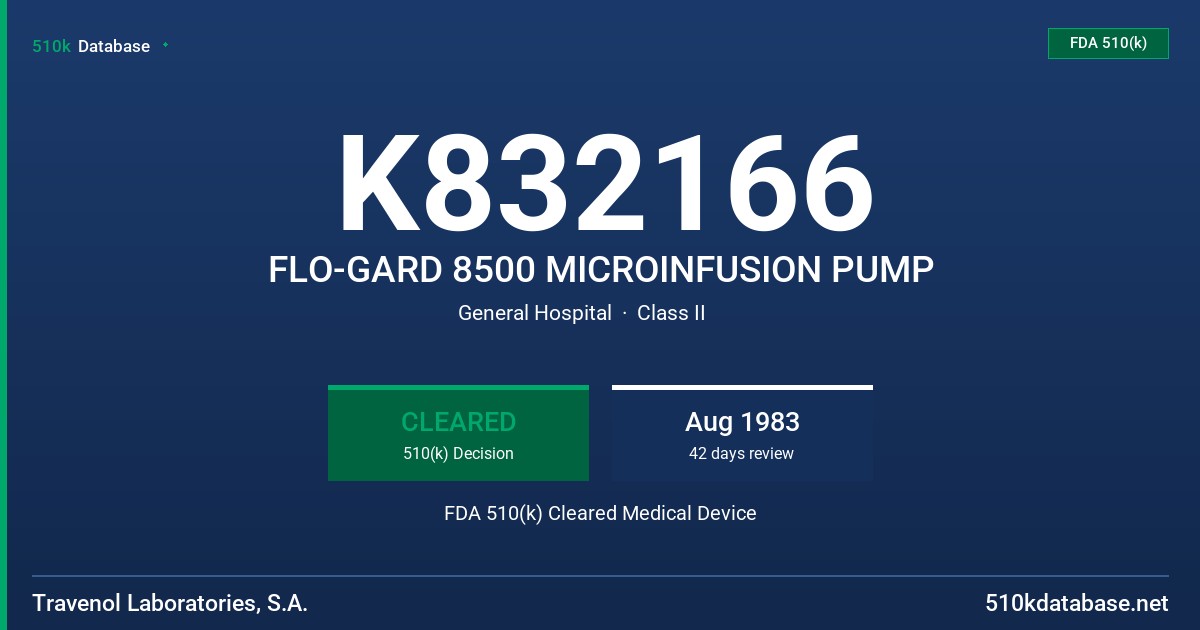 K832166 FLO-GARD 8500 MICROINFUSION PUMP FDA 510(k) Cleared Medical Device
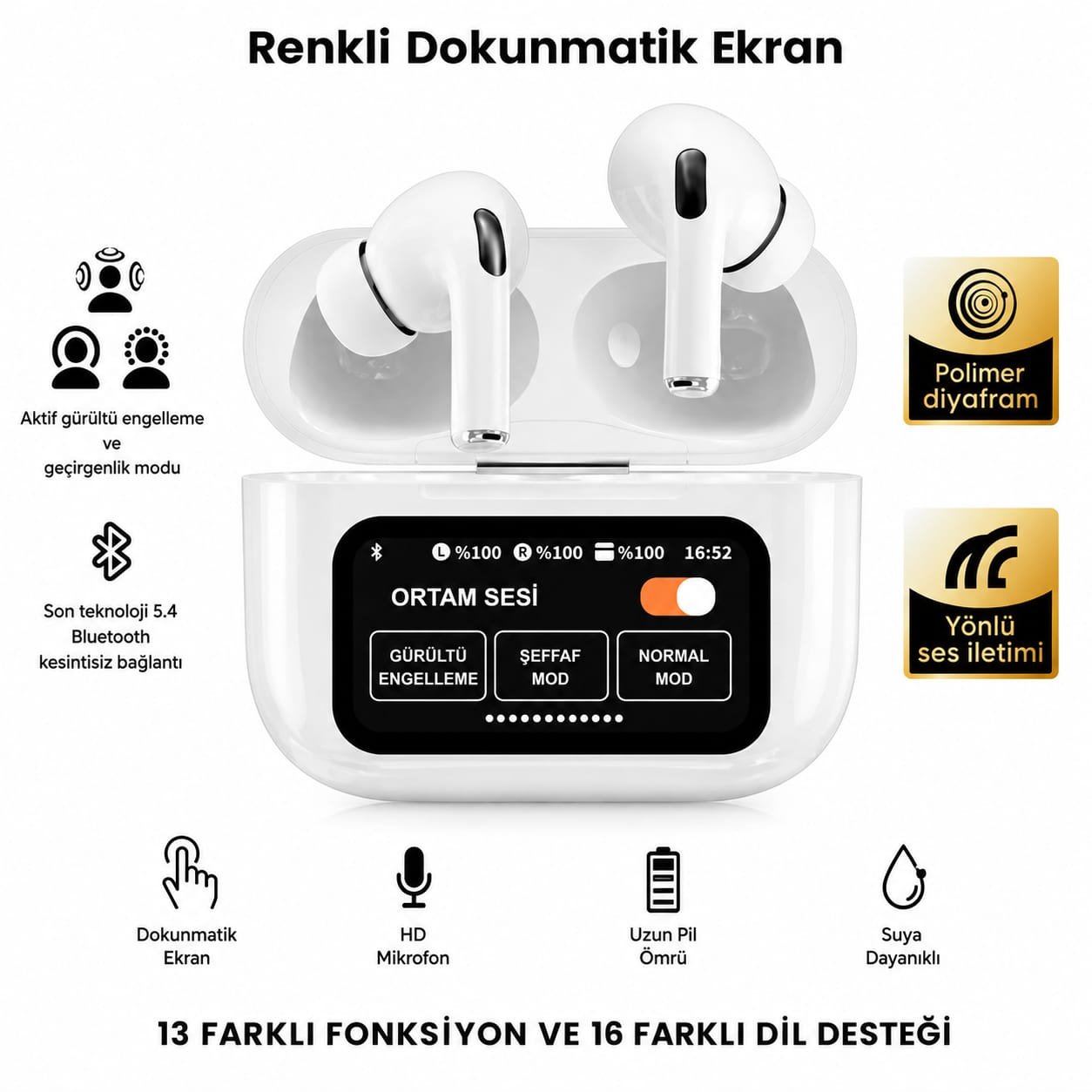 Dunspin DS-PRO6 ANC Dijital Ekranlı Bluetooth Kulak İçi Kulaklık - Görsel 4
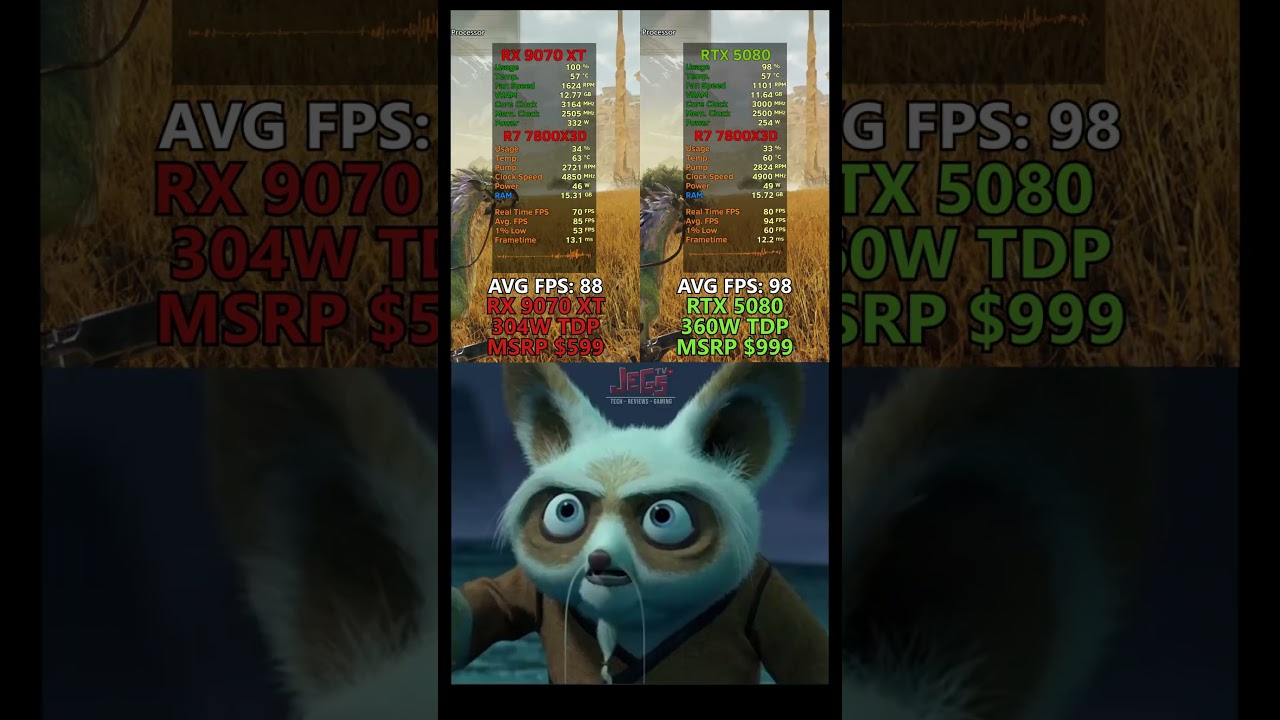 RX 9070 XT vs RTX 5080? #rx9070xt #rtx5080 #pcmemes #memes #gpu #pcmasterrace #benchmark RX 9070 XT vs RTX 5080? #rx9070xt #rtx5080 #pcmemes #memes #gpu #pcmasterrace #benchmark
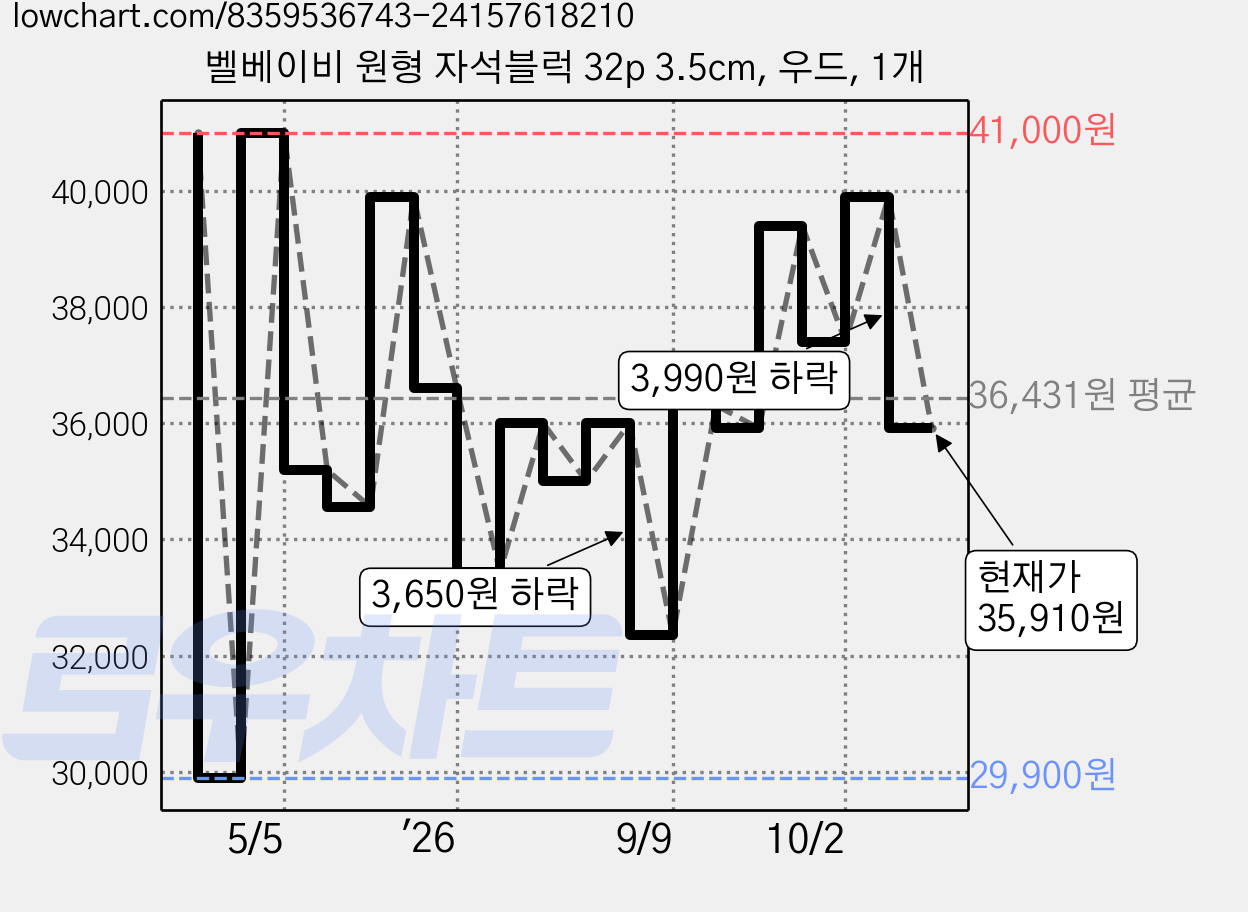 벨베이비 원형 자석블럭 32p 3.5cm, 우드, 1개 가격 변동 차트, 현재가 35,910원, 관측 최저가 29,900원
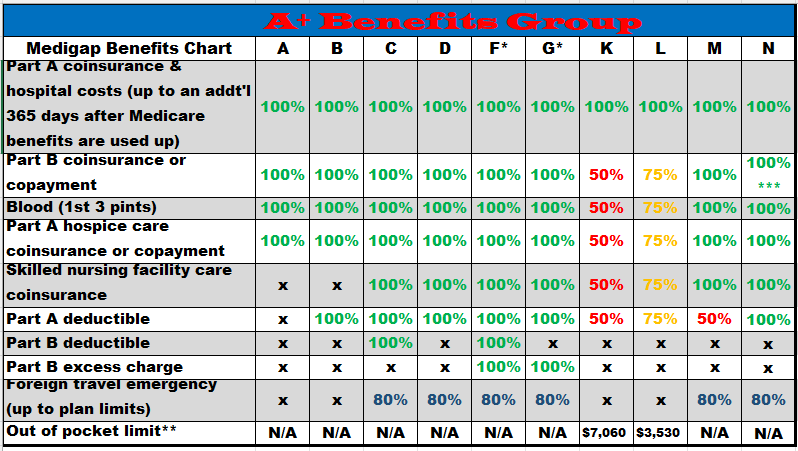 Medigap Plan Comparison table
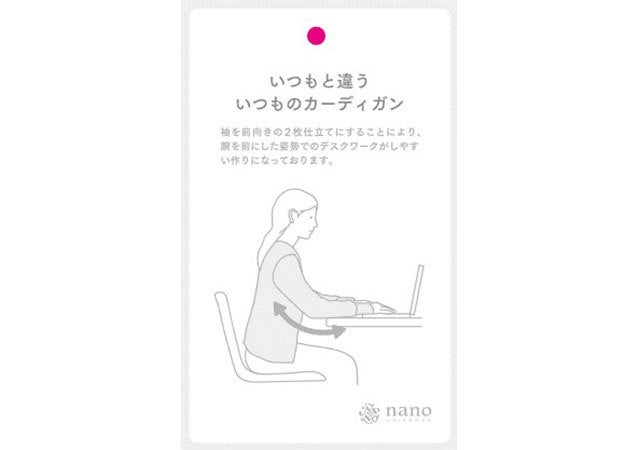 いつもと違ういつものカーディガン ナノユニバース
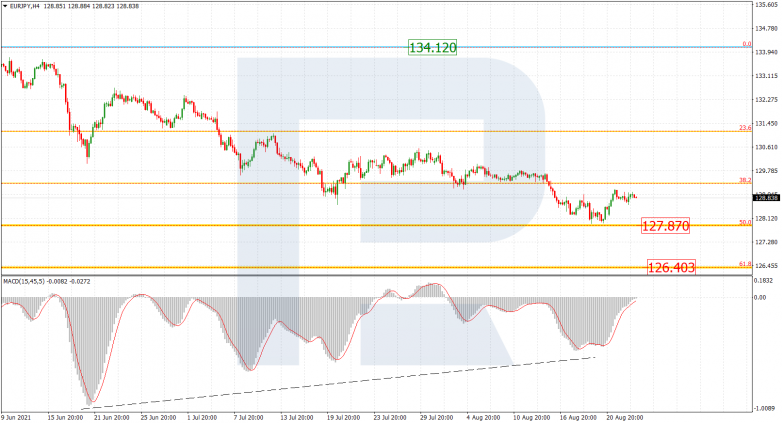 Fibonacci Retracements Analysis 25.08.2021 EURJPY_H4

━━━

Required action:
From the material above, set down each entry exactly, but exclude the pictures.

Exercise response:
 K832166 FLO-GARD 8500 MICROINFUSION PUMP FDA 510(k) Cleared Medical Device
 Dunspin DS-PRO6 ANC Dijital Ekranlı Bluetooth Kulak İçi Kulaklık - Görsel 4
 RX 9070 XT vs RTX 5080? #rx9070xt #rtx5080 #pcmemes #memes #gpu #pcmasterrace #benchmark RX 9070 XT vs RTX 5080? #rx9070xt #rtx5080 #pcmemes #memes #gpu #pcmasterrace #benchmark
 벨베이비 원형 자석블럭 32p 3.5cm, 우드, 1개 가격 변동 차트, 현재가 35,910원, 관측 최저가 29,900원
 Medigap Plan Comparison table
 いつもと違ういつものカーディガン ナノユニバース
 Fibonacci Retracements Analysis 25.08.2021 EURJPY_H4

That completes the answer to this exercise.